Comunque, ciò che lega Socrate al caffé Illy è la cicuta. Il poveretto si bevve la ciufeca ammannitagli da quei fondamentalisti dei vecchi della Agorà, che erano (ma non dirlo a Cicciomessere, sennò si offende) aristocratici legati alle cosche agrarie dell'interland, e quindi odiavano i commercianti borghesi del Pireo, loschi affaristi che andavano rubacchiando e rapinando per il Mediterraneo (poveretti, era la loro globalizzazione, non cooscevano il Pacifico e dovevano accontentarsi ). Socrate parteggiava, assieme a quei giornalisti dei sofisti, per i mercanti dabbasso, e quindi gli fecero bere quella robaccia. Era così schifosa che lui ne morì. La cicuta di Socrate somigliava molto al caffé di cicoria che ci rifilò Mussolini, sostenendo che era molto meglio del caffé brazileiro, prodotto demoplutogiudaico del capitalismo americano. Insieme al caffé fatto in casa, Mussolini, quel fondamentalista filoarabo detto anche "la spada" (o "la sega") dell'Islam (secondo quanto insegnava alla Uiversità Cattolica Amin
tore Fanfani, teoreta del primato dei bassi sui capitalisti nordici alti e biondi) ci ammannì il tè abissino, alias karkadé, il pane di segale, la lana di ginestra, il cuoio artificiale e l'aereo jet fatto in casa col motore fasullo (io lo vidi volare proprio sopra casa mia, e facemmo tutti gli scongiuri, perché non ci cadesse addosso).
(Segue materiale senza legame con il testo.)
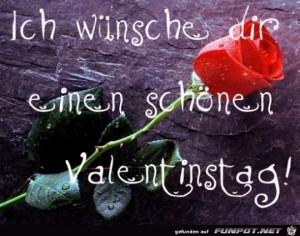 ich-wünsche-einen-schönen-Valentinstag.jpg auf www.funpot.net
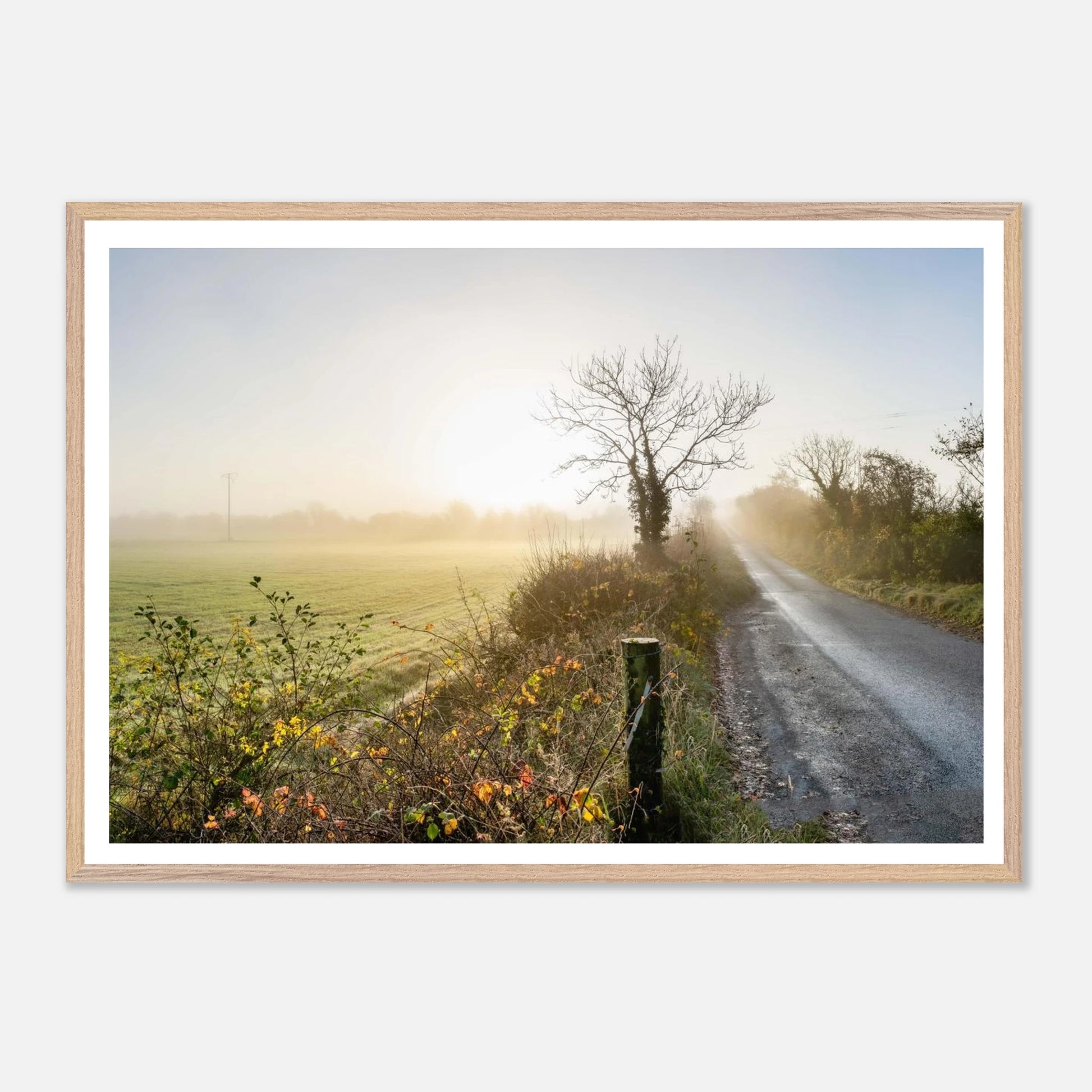 e3e37fa3-5abe-4a5d-8ba6-012526576743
Lui chiamava questa robaccia "autarchia" (dal greco "autòs" e "arché", che sigifica "fasso tutto mi". Intanto il pregevole figliolo Romano si vedeva a casa, a Villa Torlonia, i film americani e ascoltava i dischi jazz, assieme al fior fiore dell'intellighenzia poi divenuta "progressista" , e finanziava il primo film del neorealismo italiano, "Ossessine" di Visconti, tratto (ma nessuno lo diceva) da un romanzo di J. Cain (americano, obviously).
La campanella è suonata, la lezione è finita, per oggi.